Funcionário do correio norte-americano em Atlanta, Lauro Marques lamenta ter tentado ajudar alguns amigos desesperados por conseguir legalizar a situação da família nos EUA. Os amigos vivem em St. Pettersburgh e teriam entregue a Vanessa $50 mil. Uma das vítimas é também uma pastora evangélica.
- Ela não falava com qualquer pessoa porque o marido não queria, para não envolver muita gente na maçonaria. Uma pessoa amiga pediu para dar o telefone dela para mim. Eu estava querendo ajudar uma família, que acabou não fazendo acordo com ela porque não tinha dinheiro. Mas conheço outras pessoas que fizeram – disse Marques.
Somente em St. Pettersburgh ele relaciona dez vítimas do casal. “Ela está com o passaporte original de todo mundo daqui. Só que eu conheço são dez passaportes. Mas já descobriram que há outras pessoas. Ela também fez isso com hispânicos”, concluiu Marques.

Passaportes
O Ministério das Relações Exteriores do Brasil informa, em sua página na internet que “a perda, roubo ou furto do passaporte é um fato muito grave, que deve ser comunicado imediatamente ao Consulado.
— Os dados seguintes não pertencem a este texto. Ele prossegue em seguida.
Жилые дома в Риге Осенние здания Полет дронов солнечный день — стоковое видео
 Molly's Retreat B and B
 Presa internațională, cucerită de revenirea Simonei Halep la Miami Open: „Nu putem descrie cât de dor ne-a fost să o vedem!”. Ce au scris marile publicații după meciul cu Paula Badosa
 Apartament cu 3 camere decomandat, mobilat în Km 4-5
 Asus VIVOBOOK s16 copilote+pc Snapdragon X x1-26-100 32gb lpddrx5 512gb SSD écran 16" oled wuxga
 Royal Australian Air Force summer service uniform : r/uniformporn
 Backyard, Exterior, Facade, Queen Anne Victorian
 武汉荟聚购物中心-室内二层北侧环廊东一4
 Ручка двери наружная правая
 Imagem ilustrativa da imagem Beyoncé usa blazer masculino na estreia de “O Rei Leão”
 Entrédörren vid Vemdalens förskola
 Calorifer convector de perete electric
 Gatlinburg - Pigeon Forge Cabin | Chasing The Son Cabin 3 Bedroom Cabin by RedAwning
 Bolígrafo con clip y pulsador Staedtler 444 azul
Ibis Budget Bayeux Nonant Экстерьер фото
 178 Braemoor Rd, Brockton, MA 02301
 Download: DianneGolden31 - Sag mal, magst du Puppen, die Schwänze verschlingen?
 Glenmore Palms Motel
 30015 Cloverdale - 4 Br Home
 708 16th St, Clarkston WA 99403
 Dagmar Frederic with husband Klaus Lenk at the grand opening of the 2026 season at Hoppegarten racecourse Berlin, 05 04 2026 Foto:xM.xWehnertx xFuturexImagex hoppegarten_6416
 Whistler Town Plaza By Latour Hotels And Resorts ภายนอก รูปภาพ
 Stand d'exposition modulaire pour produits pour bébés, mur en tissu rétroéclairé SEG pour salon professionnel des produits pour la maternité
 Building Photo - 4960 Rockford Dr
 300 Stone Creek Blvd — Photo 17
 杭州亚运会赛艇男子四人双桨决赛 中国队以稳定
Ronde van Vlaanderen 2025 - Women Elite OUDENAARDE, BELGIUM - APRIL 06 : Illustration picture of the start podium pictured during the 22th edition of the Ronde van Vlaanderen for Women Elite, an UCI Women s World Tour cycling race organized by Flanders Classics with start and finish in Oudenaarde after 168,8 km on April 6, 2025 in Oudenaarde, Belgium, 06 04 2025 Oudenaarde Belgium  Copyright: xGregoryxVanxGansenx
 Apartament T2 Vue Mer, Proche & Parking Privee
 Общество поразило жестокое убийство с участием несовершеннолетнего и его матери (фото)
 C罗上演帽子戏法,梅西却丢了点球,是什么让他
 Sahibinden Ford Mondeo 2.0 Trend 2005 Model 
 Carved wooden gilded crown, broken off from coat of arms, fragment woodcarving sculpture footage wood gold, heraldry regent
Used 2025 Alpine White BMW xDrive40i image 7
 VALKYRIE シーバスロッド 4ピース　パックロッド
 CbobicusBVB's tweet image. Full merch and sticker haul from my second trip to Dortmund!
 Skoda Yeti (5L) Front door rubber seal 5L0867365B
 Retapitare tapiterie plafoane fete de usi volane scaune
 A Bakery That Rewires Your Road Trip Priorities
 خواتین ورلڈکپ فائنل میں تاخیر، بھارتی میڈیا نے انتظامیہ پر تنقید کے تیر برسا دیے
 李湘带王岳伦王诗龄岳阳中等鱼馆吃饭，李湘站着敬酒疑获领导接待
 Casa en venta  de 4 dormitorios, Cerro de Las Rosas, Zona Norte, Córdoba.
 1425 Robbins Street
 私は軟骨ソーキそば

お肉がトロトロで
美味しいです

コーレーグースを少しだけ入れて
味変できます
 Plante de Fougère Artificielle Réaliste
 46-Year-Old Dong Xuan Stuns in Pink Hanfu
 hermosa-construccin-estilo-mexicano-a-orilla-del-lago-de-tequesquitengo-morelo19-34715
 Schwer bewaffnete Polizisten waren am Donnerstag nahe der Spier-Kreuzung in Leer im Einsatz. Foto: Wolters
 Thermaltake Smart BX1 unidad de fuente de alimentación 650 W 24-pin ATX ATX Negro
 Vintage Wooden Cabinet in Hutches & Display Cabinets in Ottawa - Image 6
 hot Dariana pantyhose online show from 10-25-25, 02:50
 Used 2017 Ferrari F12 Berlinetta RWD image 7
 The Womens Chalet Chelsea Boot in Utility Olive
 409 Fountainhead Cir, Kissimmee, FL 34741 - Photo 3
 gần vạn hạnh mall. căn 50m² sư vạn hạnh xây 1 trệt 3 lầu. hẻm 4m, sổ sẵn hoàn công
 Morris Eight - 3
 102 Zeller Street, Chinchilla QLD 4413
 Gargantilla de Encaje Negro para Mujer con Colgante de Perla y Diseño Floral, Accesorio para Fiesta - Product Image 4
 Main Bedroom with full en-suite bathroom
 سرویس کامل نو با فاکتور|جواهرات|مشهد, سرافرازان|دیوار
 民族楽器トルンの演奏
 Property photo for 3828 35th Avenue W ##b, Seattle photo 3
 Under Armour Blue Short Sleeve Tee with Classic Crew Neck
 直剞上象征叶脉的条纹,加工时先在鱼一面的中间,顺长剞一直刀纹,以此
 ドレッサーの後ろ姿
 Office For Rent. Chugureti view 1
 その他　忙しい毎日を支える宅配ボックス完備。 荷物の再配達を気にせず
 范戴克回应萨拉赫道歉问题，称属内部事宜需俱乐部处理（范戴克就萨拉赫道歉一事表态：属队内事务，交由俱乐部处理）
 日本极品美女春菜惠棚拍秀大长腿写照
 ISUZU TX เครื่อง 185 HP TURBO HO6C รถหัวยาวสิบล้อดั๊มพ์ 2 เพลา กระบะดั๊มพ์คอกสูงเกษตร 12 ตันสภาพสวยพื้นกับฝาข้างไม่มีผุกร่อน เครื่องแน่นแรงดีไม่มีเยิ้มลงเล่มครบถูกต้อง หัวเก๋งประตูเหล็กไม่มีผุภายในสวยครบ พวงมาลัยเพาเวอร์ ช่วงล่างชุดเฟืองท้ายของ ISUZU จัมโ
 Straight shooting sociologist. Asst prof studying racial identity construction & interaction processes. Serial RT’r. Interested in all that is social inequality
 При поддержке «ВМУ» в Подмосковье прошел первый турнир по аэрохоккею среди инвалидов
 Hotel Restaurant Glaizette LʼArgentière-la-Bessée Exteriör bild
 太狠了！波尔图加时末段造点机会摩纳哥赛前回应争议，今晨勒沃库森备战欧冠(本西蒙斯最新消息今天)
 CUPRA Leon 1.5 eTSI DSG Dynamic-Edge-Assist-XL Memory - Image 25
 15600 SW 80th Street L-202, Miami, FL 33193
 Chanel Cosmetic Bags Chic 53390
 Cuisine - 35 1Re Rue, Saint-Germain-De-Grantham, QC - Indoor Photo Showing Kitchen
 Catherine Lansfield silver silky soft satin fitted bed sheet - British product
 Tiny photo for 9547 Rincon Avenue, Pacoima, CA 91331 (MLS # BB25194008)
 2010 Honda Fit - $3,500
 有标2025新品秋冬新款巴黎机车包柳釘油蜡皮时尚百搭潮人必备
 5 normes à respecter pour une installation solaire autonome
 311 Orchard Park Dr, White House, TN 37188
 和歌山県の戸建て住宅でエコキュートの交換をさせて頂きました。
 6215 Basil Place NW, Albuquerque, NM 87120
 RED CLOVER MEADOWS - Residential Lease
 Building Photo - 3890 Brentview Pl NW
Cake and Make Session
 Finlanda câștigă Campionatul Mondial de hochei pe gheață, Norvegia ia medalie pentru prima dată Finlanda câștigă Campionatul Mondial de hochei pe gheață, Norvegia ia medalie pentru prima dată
Para a substituição de passaporte perdido, roubado ou furtado, o interessado deve apresentar o boletim de ocorrência emitido pela Polícia local que confirme a perda, o roubo ou o furto, o original ou cópia autenticada no Brasil de sua carteira de identidade brasileira, prova de quitação com o serviço militar (para homens, entre 18 e 45 anos) e prova de estar em dia com as obrigações eleitorais.”
Três dos lesados pela fraudadora afirmam ter estado no Consulado-Geral do Brasil, em Miami para informar sobre seus passaportes, mas saíram de lá, sem uma solução imediata. “Esperávamos que cancelassem os passaportes. Temos medo de alguém usar para alguma coisa errada. Mas disseram que temos que fazer um dossiê e mandar para a Polícia Federal no Brasil acionar a Interpol porque isso deve ser uma quadrilha. Mas até lá já usaram os nossos passaportes para o que quiserem”, lamentou uma das vítimas.
Até o fechamento desta edição a repor-tagem do Gazeta não localizou, por telefone, nenhum representante do Consulado-Geral do Brasil em Miami para comentar o assunto.